Und auf Gratis-Geld sollte man da auch nicht mehr hoffen, mahnt De Standaard. Die Zeiten der Niedrig- oder gar Negativzinsen sind wohl endgültig vorbei. Vielmehr stehen wir wohl an der Schwelle zu einer Rückkehr zum Normalzustand. Und damit einhergehen wird – wie so oft – ein Moment des tiefen Bedauerns. Warum haben wir die einmalige Chance, die das billige Geld eröffnete, nicht besser genutzt? Warum haben wir nicht massiv in Innovation, Nachhaltigkeit und in die Energiewende investiert? Nein, stattdessen haben wir den Schuldenberg noch weiter anwachsen lassen. Und immer noch werden Hilfen ausgezahlt, die wir uns eigentlich gar nicht leisten können. Nur, dass das geliehene Geld ab jetzt wieder Geld kostet. Wir stehen vor mageren Jahren.

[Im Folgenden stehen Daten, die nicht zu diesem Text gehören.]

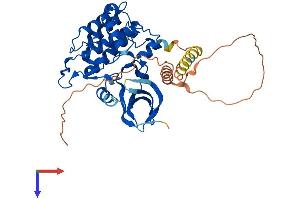 AlphaFold protein structure predicition of Mouse Recombinant Csnk1e Protein, UniprotID Q9JMK2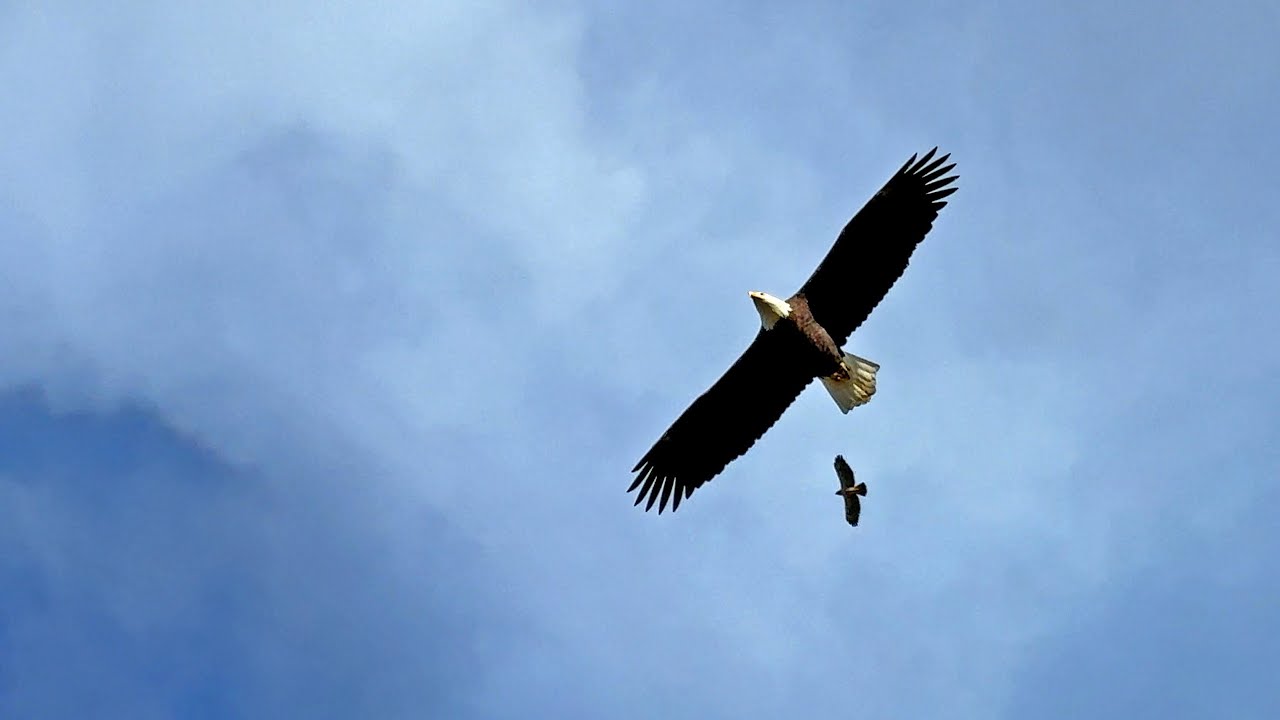 Soaring Eagles, Hawks and Crows – Dungeness Levee Walk with Skye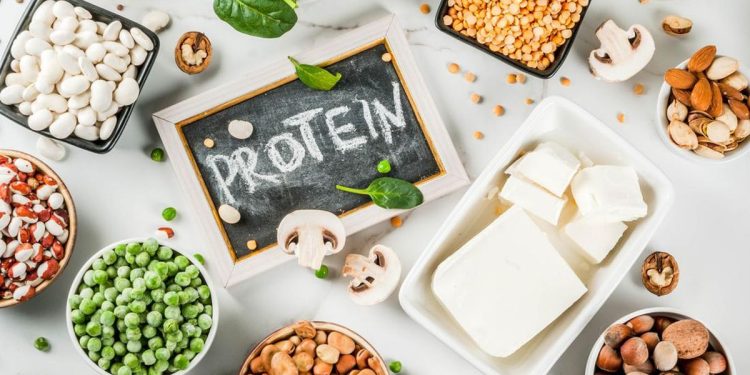 10 Makanan Kaya Protein yang Wajib Dikonsumsi untuk Pembentukan Otot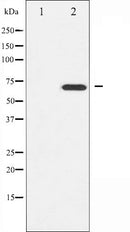 AF6482 staining COS7 by IF/ICC. The sample were fixed with PFA and permeabilized in 0.1% Triton X-100,then blocked in 10% serum for 45 minutes at 25¡ãC. The primary antibody was diluted at 1/200 and incubated with the sample for 1 hour at 37¡ãC. An  Alexa Fluor 594 conjugated goat anti-rabbit IgG (H+L) Ab, diluted at 1/600, was used as the secondary antibod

Es kann noch schlimmer kommen für Europa
De Morgen blickt auf die Ukraine. "Trotz der schönen Worte - Ein Friedensdialog ist unwahrscheinlich", so die pessimistische Schlagzeile. Zwar haben sowohl Russland als auch die Ukraine in den letzten Tagen Friedensgespräche in den Raum gestellt. Die Vorbedingungen, die beide Seiten formuliert haben, sind aber gleichermaßen unrealistisch.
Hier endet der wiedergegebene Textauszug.